Over the last 60 years, the predicted performance is dropping slightly. Bolt’s went up over time. You know what they say–Father Time is undefeated. I ran a tiny model that sees age’s impact on performance, and it has a tiny but significant effect. And then I have to go and code it up. Here’s 100m time by age.

df1 %>%
  ggplot(aes(x=age, y = Mark)) +
    geom_point(size = 1, alpha = 0.2) +
    geom_smooth(method = "loess", linewidth = 1.5, color = "#009B3A") +
    theme_minimal() +
    scale_y_continuous(breaks = seq(floor(min(df1$Mark)), ceiling(max(df1$Mark)), by = 0.05)) +
    scale_x_continuous(breaks = seq(15, 45, by = 1)) +
    theme(text=element_text(family="Gill Sans MT")) +
    labs(title = "Men's 100m Times by Age", x = "Age",y = "Time") +
    theme(plot.title = element_text(size=22))
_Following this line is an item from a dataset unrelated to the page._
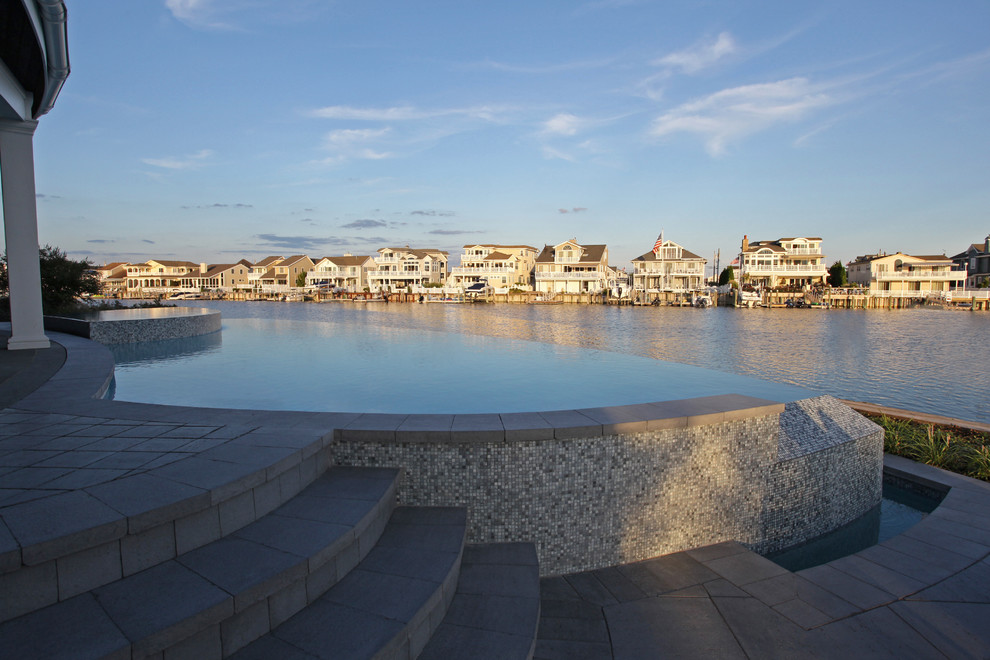 Foto di una grande piscina a sfioro infinito costiera personalizzata dietro casa con una vasca idromassaggio e piastrelle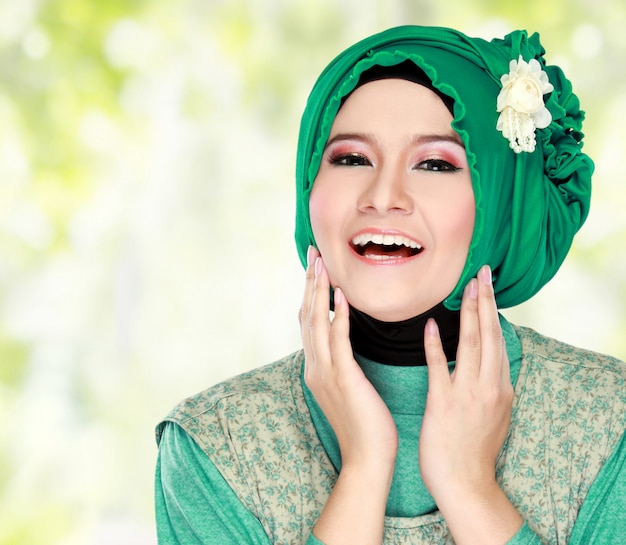 ヒジャーブを着ている緑の衣装で若い幸せな美しいイスラム教徒の女性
My guess is that things start leveling off because of the lack of data points for Masters. If there was more data, this would no doubt be parabolic.

Quantifying the Difference

This is where Cohen’s d comes in. Cohen’s d is a measure of effect size that compares the difference between two means in terms of standard deviations. In this case, a higher Cohen’s d would indicate a better performance by Usain Bolt than other athletes.

# Calculate Cohen's d
d <- cohen.d(df1$Mark[df1$IsBolt == "Other"], df1$Mark[df1$IsBolt == "Usain Bolt"])

# Take the absolute value
d_abs <- abs(d)

We calculated Cohen’s d and found it to be a whopping 2.72. This is a very large effect size, indicating that Usain Bolt’s performance was significantly better than the average athlete’s. To put this in perspective, Cohen’s guidelines for interpreting d suggest that 0.2 represents a small effect, 0.5 a medium effect, and 0.8 a large effect. Therefore, a Cohen’s d of 2.72 highlights just how far Bolt’s performance was from the average. By multiplying this by the standard deviation, being Usain Bolt was worth 0.26 seconds over the 100-meter dash. WHOOOOOSH.

Conclusion

Usain Bolt was fast.

But, we met our goals. We got the data without too much fuss. And we killed an hour visualizing some fun data.